─── Data provided ───

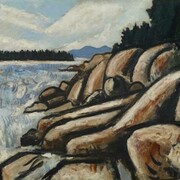 Marsden Hartley (American, 1877-1943), City Point, Vinalhaven, 1937–38, Oil on commercially prepared, paperboard (academy board), 181/4 x 243/8 in. (46.4 x 61.9 cm). Colby College Museum of Art, Waterville, Gift of the Alex Katz Foundation 

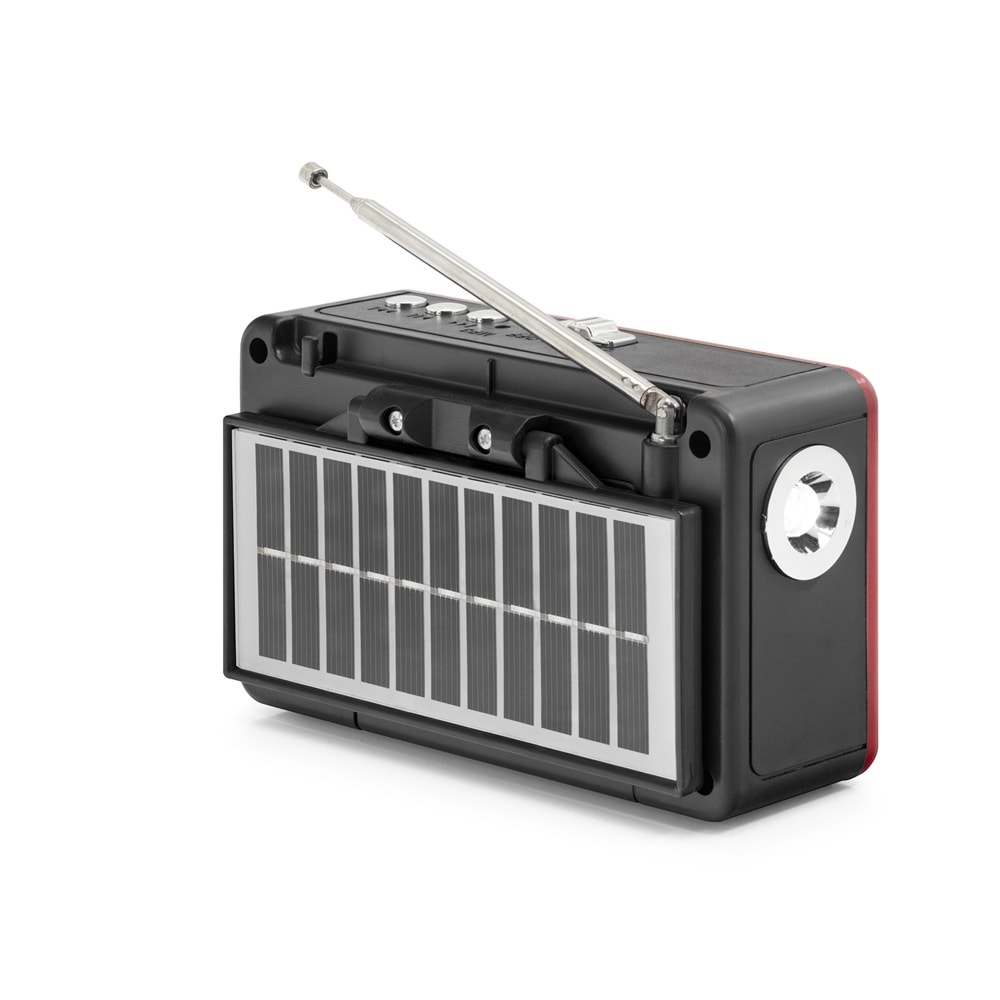 JIOC H531UTS Nostaljik FM AM SW Radyo USB TF Solar Şarjlı LED El Fenerli 3W Taşınabilir Kamp Radyosu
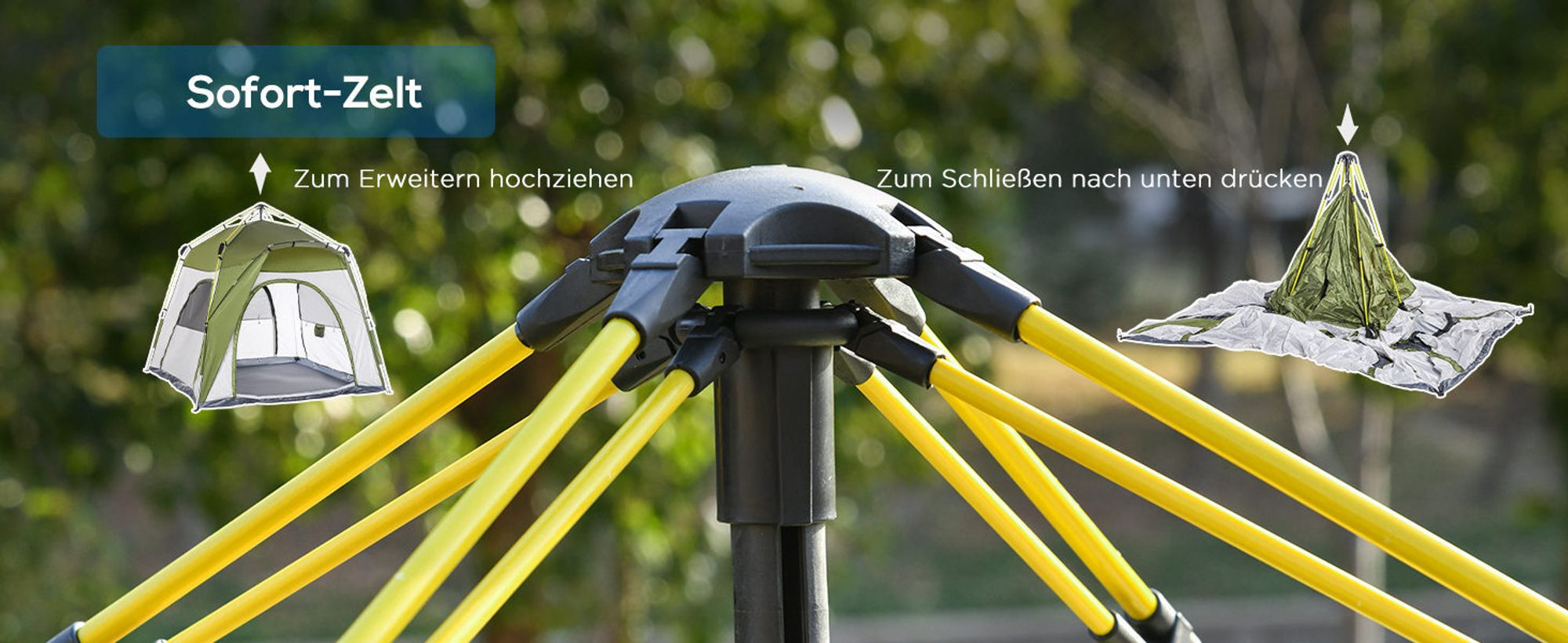 Outsunny Camping Zelt 3 Personen Zelt Familienzelt 190T Kunstleder1000mm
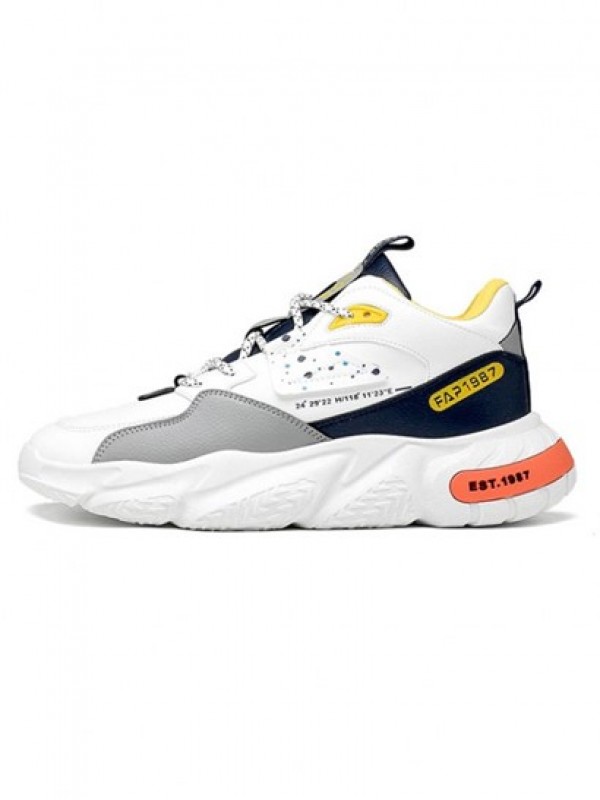 Colorblock Latitude And Longitude Printed Sports Running Sneakers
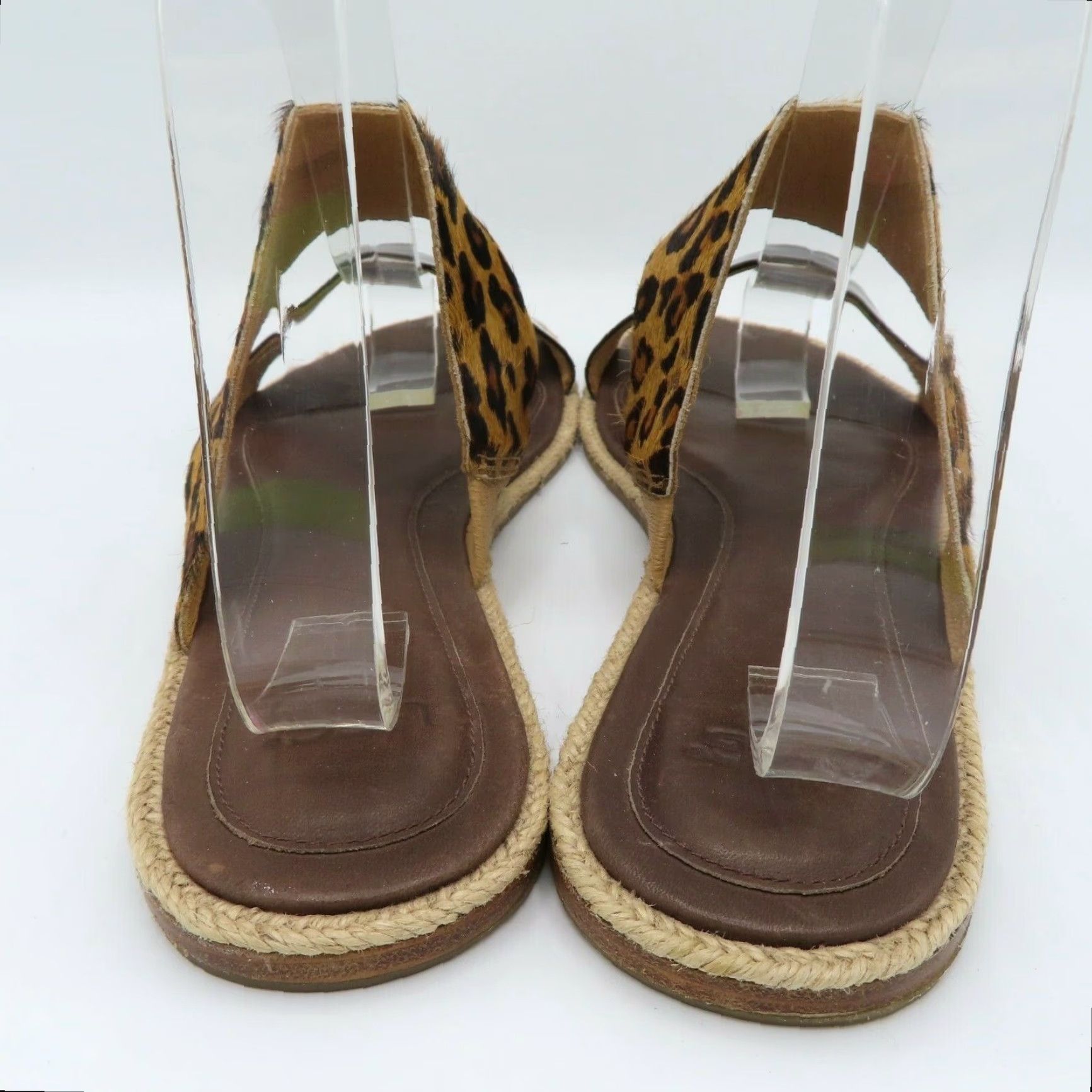 Ugg UGG Women Amalia Leopard Leather Flat Slide Sandals 9.5 Brown Animal Print Slip On Vintage: No Womens Size US 10 / IT 40 - 6 Thumbnail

───

* [Work instruction]:
Output all entries unchanged; skip the pictures.

* [Solution below]:
 Marsden Hartley (American, 1877-1943), City Point, Vinalhaven, 1937–38, Oil on commercially prepared, paperboard (academy board), 181/4 x 243/8 in. (46.4 x 61.9 cm). Colby College Museum of Art, Waterville, Gift of the Alex Katz Foundation 

 JIOC H531UTS Nostaljik FM AM SW Radyo USB TF Solar Şarjlı LED El Fenerli 3W Taşınabilir Kamp Radyosu
 Outsunny Camping Zelt 3 Personen Zelt Familienzelt 190T Kunstleder1000mm
 Colorblock Latitude And Longitude Printed Sports Running Sneakers
 Ugg UGG Women Amalia Leopard Leather Flat Slide Sandals 9.5 Brown Animal Print Slip On Vintage: No Womens Size US 10 / IT 40 - 6 Thumbnail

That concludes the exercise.